I'm not asking for a miracle, I'm just asking her not to pressure me to interact with a very sick individual who has damaged our lives, and hurt people in ways that can't be undone. I'm asking that she not minimize the very real things that happened to me. As long as that's respected- I'm okay.

I have been pushed to this point. I'm not really one for ultimatums... But I've just had it. I know that I can't have a relationship with her while sober, if she can't respect me on this. It's just too messed up and I can't handle it in the light of day. You know? It's traumatizing. Whether she means it that way or not, it just is.

I can't imagine asking my child to have contact with their abuser. I understand why she's like this. I know she got messed up. I have compassion for her. I would take all of that away for her, if I could. I hate what she went through. I hate that the cycle continued into my life. But, it did. There is no going backward. Only onward. Her asking this of me, is a slap in the face. She needs to know that.
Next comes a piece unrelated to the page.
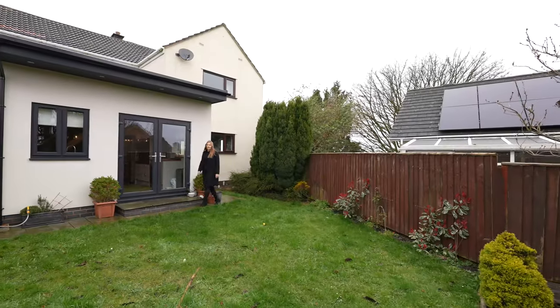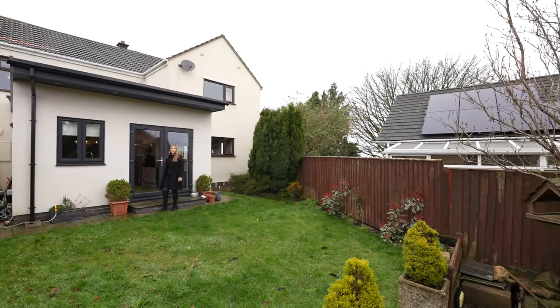I hope you've enjoyed viewing this beautiful family home with me today. If you feel like it could be your next home, give us a call in the office.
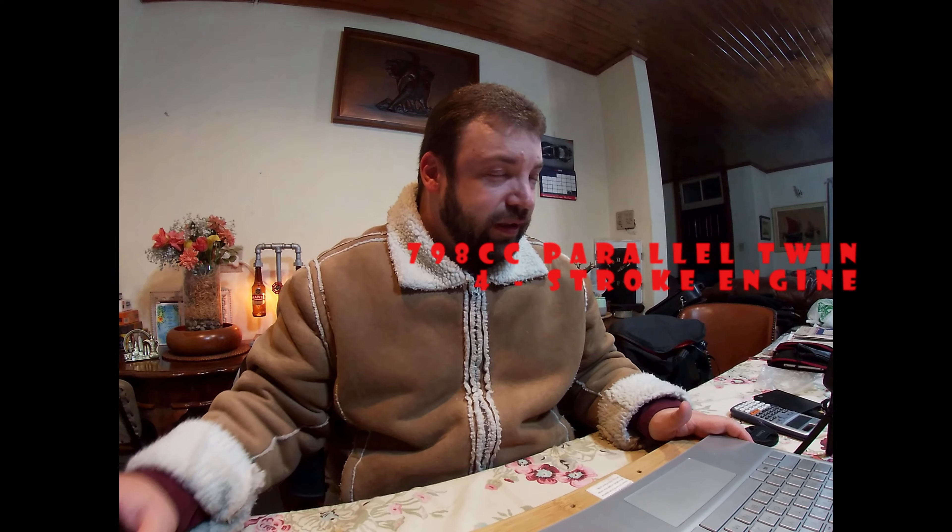The BMW F800GS has a 798cc parallel twin four-stroke engine, producing 63 kW at 7500 rpm, with torque of 83 Nm at 5750 rpm. The Honda Africa Twin has a 998cc inline four-cylinder four-stroke engine, with power of 70 kW at 7500 rpm and torque of 98 Nm at 6000 rpm.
As much compassion as I do have and as much as I understand that she's sick- we all face consequences in life. Yep- I survived abuse, and I'm an alcoholic. All true. But none of that is an excuse. Bad behavior is bad behavior.

All of our past experiences make us who we are. It explains a lot of our hang ups and issues. But as adults, our baggage is ours to carry and to sort out. It's rent to own. I know that's a hard line, but accountability is a b****.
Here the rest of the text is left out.